Rebirth - Game Resources Library

Rebirth is a resource system designed for games, which makes it fast and easy to make your game data driven without having to write lots of tedious boilerplate parsing code. It’s also a full resource manager, and handles object lifetimes and background loading in a seperate thread. And for maximum productivity it monitors your file system for file modifications and automatically reloads the affected resources while your game is still running.

Current version
Rebirth library jar
Browsable Javadoc
Test results

Getting started
Check out the quick start guide and quick start part two.

About
The resource system is heavily inspired by Cas’ resource system from SPGL, which I’ve been using for a while. The gist is to use copious amounts of reflection to convert from xml to a Java object based on the field names and types. Cas’ system is pretty good, but it’s starting to show it’s age and there was a bunch of things I wanted to improve or add. The big improvements are:

  • background loading
  • cleaner xml syntax
  • pluggable decoders for user and 3rd party types
  • auto reload for modified files
  • resource inheritance

I’m pretty much calling this version 1.0, as it’s complete and has all the core functionality you should need. Documentation is a little sparse but I’m working on that at the moment (feedback appreciated). Error handling should be robust but errors might be a little confusing to a beginner so suggestions for improvements there are appreciated too.

License is pending, but will probably be MIT or BSD unless anyone has any strong arguments against one of these.

So there you go. :slight_smile: Comments and feedback of any kind greatly appreciated, and if you try it and hit any problems then post here or find me in #lwjgl.

Shweeeet! I’ll take a peek at it. Getting a bit sick of the foibles in my code.

Cas :slight_smile:

Looks cool, great idea. That would make it a lot easier to change things for graphics and balancing.

It’s such a pity that java’s security is all or nothing, so reflection requires an ‘all permissions’ security dialog.

Only access out of scope - the library could be tweaked to only work with public members. I suppose it’d be a bit less useful then.

Cas :slight_smile:

Hmm, I always end up requesting all-permissions anyway, so I hadn’t thought about that. Certainly accessing and setting private members is by design (because if you’re obsessive like me you make your automatically parsed members private and write accessors for them so resources are properly immutable), but if you’re careful to only read from them there’s nothing stopping you working with all public fields.

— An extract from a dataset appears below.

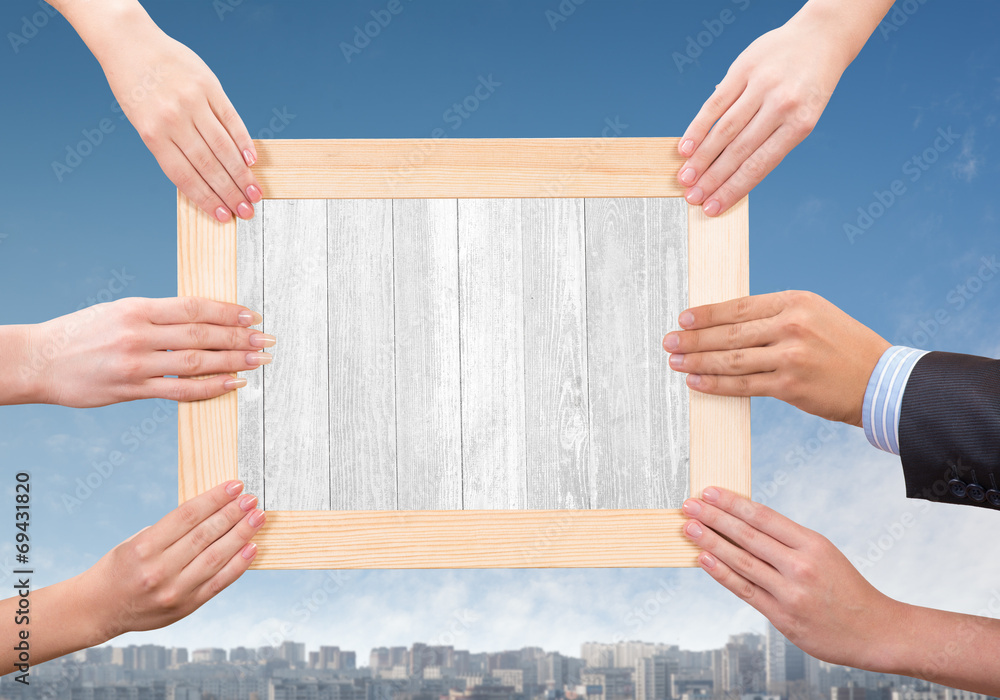 Hands holding frame Hands holding frame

I’ll have to look into the reflection security stuff, it’s entirely possible that it’s usable without permissions in it’s current state (although you might have to tag private members with @NonParsable so they get skipped).

That’s interesting, hadn’t thought about just changing public members.

Don’t go to any trouble trying to fix it, I was just thinking out loud about how annoying reflection is like that.

Cool library 8)

Seems neat! I like the idea of just putting stuff in a directory and then getting a reference to it and using it. Can it do more than parse XML? How about YAML? What if it could load images?

If you used something like XStream for XML or, even better ;), YamlBeans for YAML, those libs serialize and deserialize object graphs without the need for a decoder, or even objects in the graph to extend a class.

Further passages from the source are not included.